Dataset records:
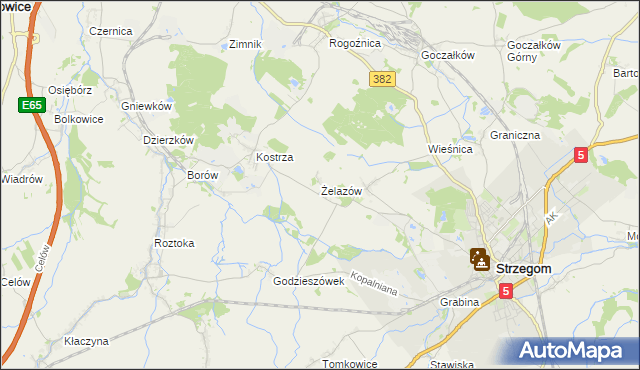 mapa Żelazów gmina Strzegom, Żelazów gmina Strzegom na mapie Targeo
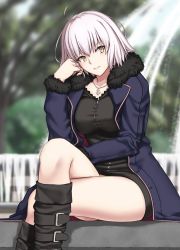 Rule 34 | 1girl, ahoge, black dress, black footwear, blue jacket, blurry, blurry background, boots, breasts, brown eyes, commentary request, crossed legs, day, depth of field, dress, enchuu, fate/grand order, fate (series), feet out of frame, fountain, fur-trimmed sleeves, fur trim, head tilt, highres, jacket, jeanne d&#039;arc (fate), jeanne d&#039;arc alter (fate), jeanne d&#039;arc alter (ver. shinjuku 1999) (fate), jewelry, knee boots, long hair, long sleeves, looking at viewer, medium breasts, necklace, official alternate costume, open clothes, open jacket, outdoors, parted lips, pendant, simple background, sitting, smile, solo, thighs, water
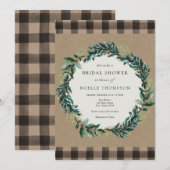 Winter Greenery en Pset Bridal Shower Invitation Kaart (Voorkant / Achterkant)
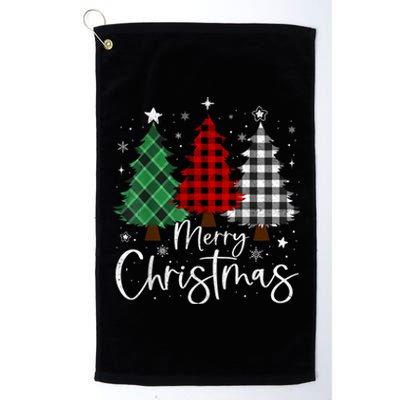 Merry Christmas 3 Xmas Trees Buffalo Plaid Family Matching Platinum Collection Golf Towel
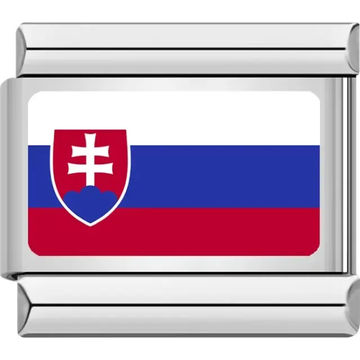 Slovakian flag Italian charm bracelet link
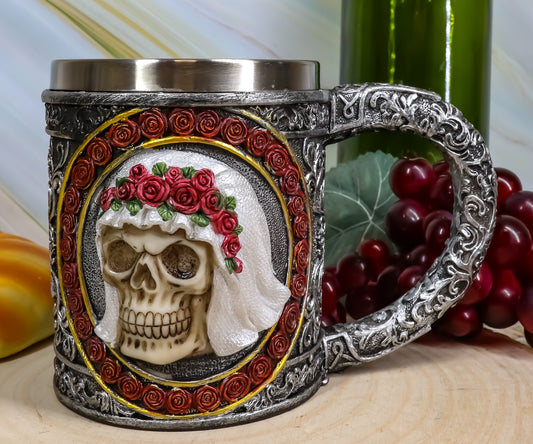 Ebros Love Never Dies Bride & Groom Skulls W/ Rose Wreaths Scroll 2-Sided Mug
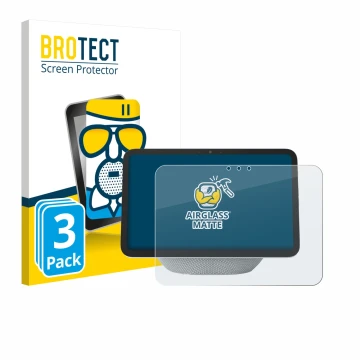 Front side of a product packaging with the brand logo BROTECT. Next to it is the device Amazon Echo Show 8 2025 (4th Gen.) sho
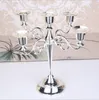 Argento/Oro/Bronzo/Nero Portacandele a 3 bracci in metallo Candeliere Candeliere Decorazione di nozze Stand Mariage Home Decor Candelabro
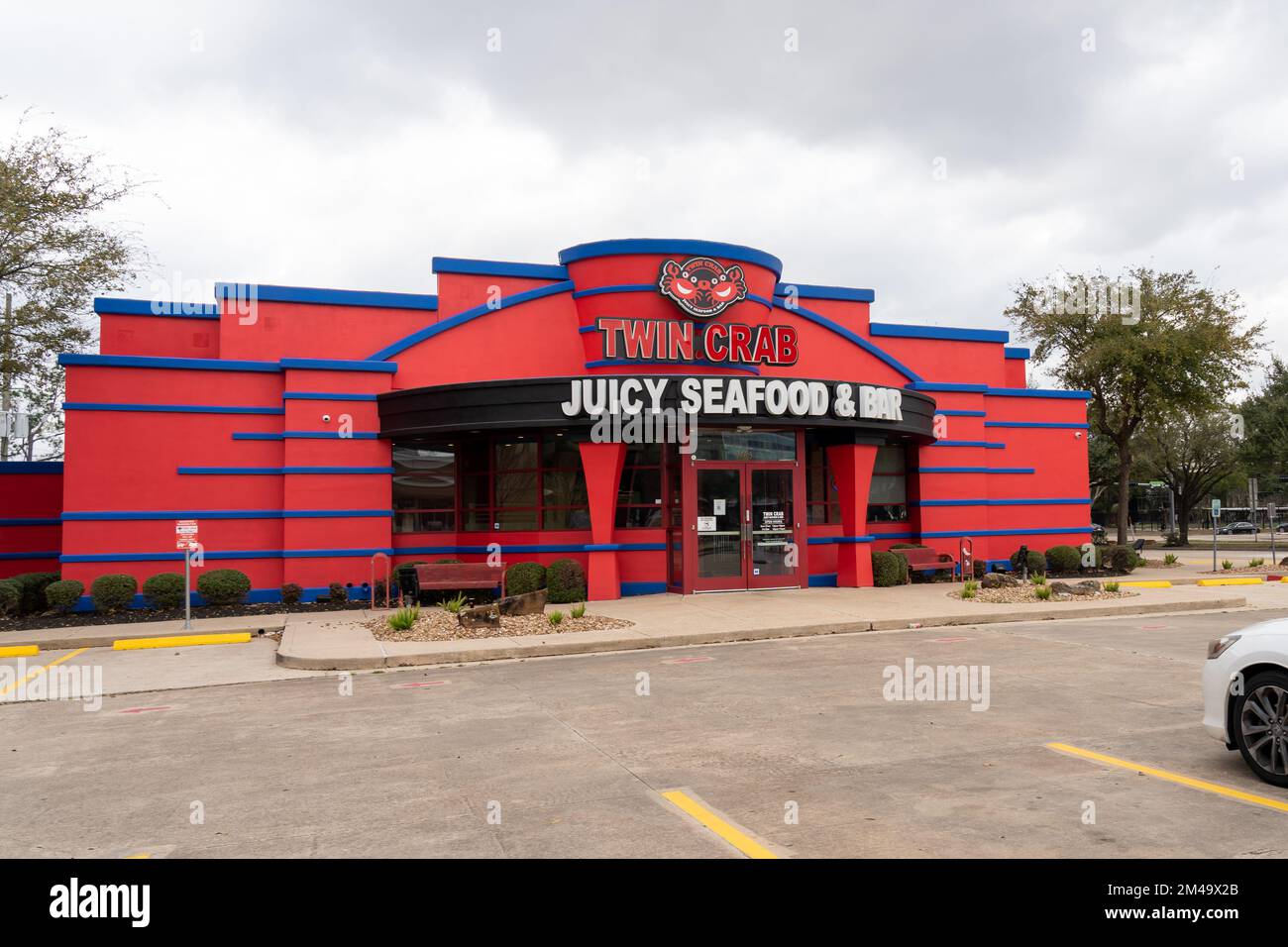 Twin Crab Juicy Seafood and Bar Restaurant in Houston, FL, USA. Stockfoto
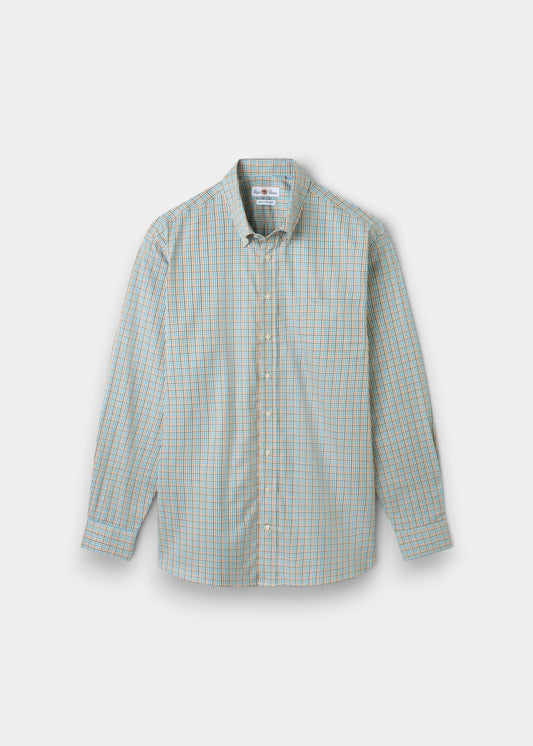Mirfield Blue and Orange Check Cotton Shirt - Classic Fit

*Problem statement*: Nothing but the lines from the first line of the data above through the line holding "Winter Greenery en" may appear in the response, copied exactly and without pictures.

*Result below*:
 mapa Żelazów gmina Strzegom, Żelazów gmina Strzegom na mapie Targeo
 Rule 34 | 1girl, ahoge, black dress, black footwear, blue jacket, blurry, blurry background, boots, breasts, brown eyes, commentary request, crossed legs, day, depth of field, dress, enchuu, fate/grand order, fate (series), feet out of frame, fountain, fur-trimmed sleeves, fur trim, head tilt, highres, jacket, jeanne d&#039;arc (fate), jeanne d&#039;arc alter (fate), jeanne d&#039;arc alter (ver. shinjuku 1999) (fate), jewelry, knee boots, long hair, long sleeves, looking at viewer, medium breasts, necklace, official alternate costume, open clothes, open jacket, outdoors, parted lips, pendant, simple background, sitting, smile, solo, thighs, water
 Winter Greenery en Pset Bridal Shower Invitation Kaart (Voorkant / Achterkant)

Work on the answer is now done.